Sen. Tom Harkin today delivered keynote remarks to open a two-hour virtual event for state employees and disability advocates to recognize Disability Employment Awareness Month and the 30th anniversary of the Americans With Disabilities Act (ADA). Presented live by the Office of State Human Resources from 10 a.m. to 12 p.m., it may be viewed on demand via YouTube.
The retired Iowa legislator, who introduced and co-wrote the bill that became the ADA, now serves the disability community through his work with the Harkin Institute at Drake University. His keynote addressed disability employment and how the public sector may model North Carolina’s efforts to be more welcoming and inclusive of individuals with disabilities in the state government workplace.

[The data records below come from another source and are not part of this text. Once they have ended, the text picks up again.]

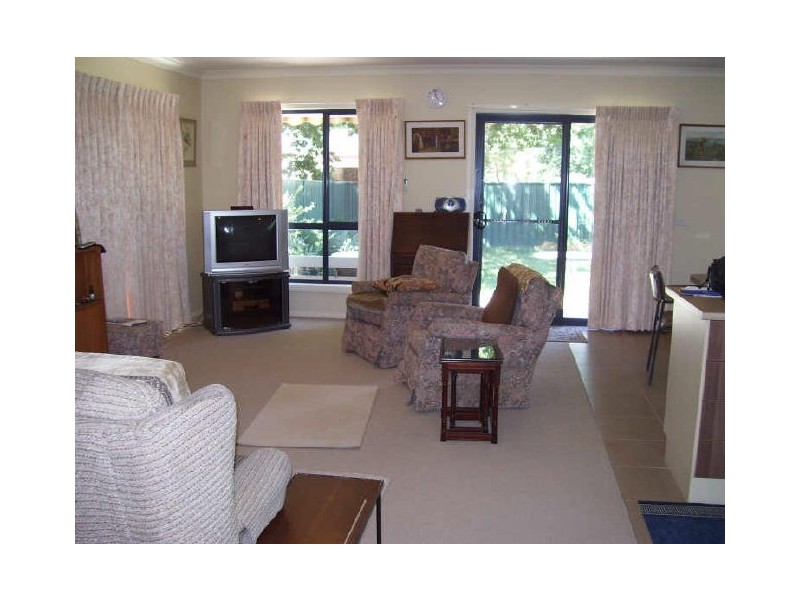 6/19 Rose Street, Alexandra VIC 3714
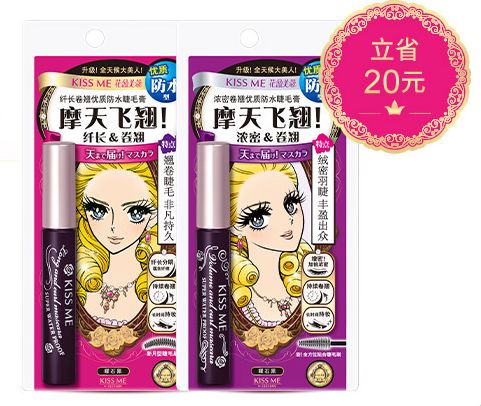 天猫apple官方旗舰店是正品吗,你以为专柜都是正品吗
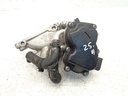 Válvula de estrangulación Audi Seat Skoda VW 2.0 TDI DFG DFGA 04L128637 04L128083AA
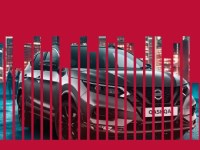 TBWA\Hunt\Lascaris presents Shwii by Nissan, the first turn-by-turn set of navigation commands on the Waze app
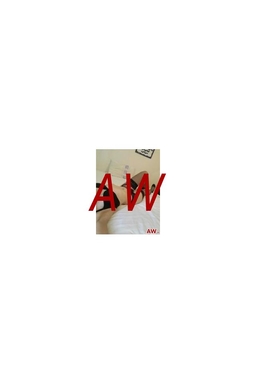 Hello guys !!! welcome to my profile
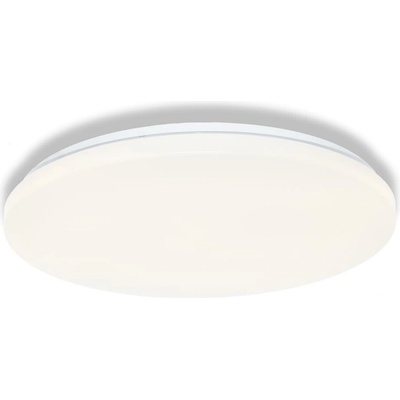 Osram 4099854647987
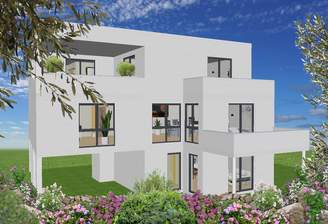 Nußloch Ansicht 3D 1.png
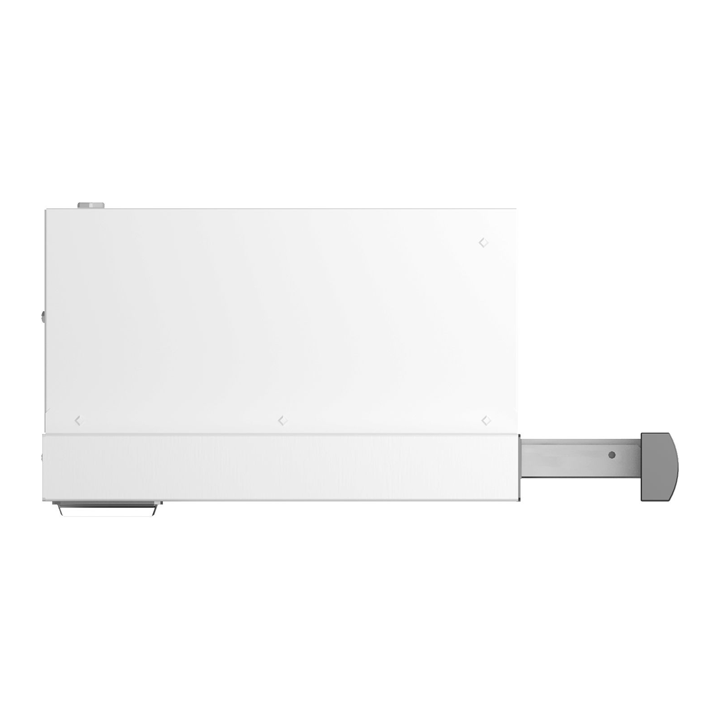 elikor-slide-60-430-white-chasashenebeli-gamtsovi-photo-4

The second hour of the event featured a panel of state employees with lived experiences who are succeeding in the state government workplace and are helping others do the same. Speakers participating from locations across North Carolina included Cathy Deal, Counselor in Charge with the N.C. Department of Health and Human Services (DHHS) Division of Vocational Rehabilitation (Morehead City); Mark Ezzell, Director of the Governor’s Highway Safety Program, N.C. Department of Transportation (Raleigh); Barbara Lucas, Case Worker with DHHS Vocational Rehabilitation (Concord); and Tim Moore, District Service Officer with the N.C. Department of Military and Veterans Affairs (Morganton).

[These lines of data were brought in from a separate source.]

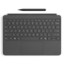 Picture of MICROSOFT SURFACE PRO 12IN TYPE COVER WITH PEN - SLATE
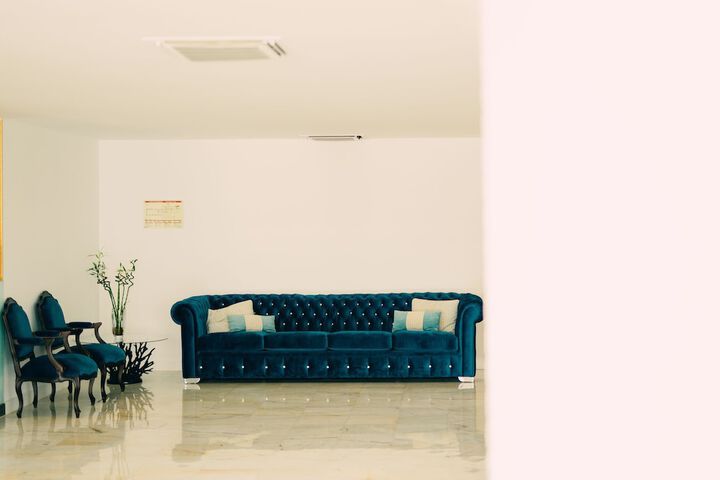 Hotel Interior 77 of 91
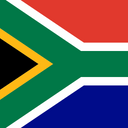 South Africa eSIM – Travel Data Plan | eSIM Prime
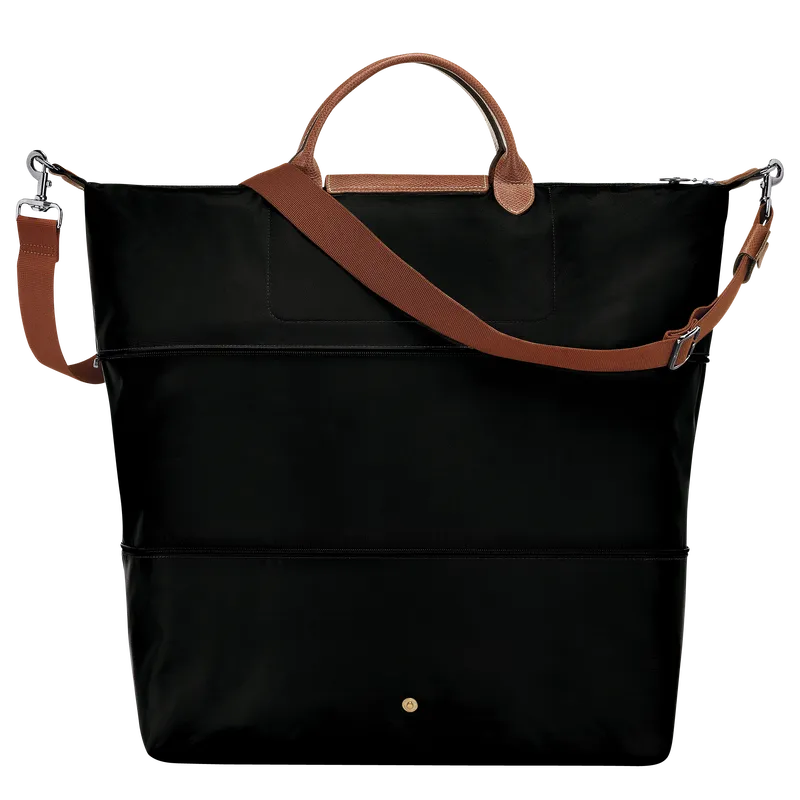 Le Pliage Original Travel bag expandable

A media availability that Sen. Harkin conducted also may be viewed online at https://youtu.be/VIBa9qa9pMs.
Governor Roy Cooper, who issued Executive Order 92: Employment First for North Carolinians with Disabilities in March 2019, proclaimed October as Disability Employment Awareness Month, recognizing the value and talent that people with disabilities add to our workplaces and communities.
Visit the OSHR website for additional information about Employment First. More than 1.3 million North Carolinians have a disability, making up approximately 13 percent of the state’s population. Of those, more than 720,000 are of working age, but only 35 percent are employed, compared to 76 percent of North Carolinians without disabilities.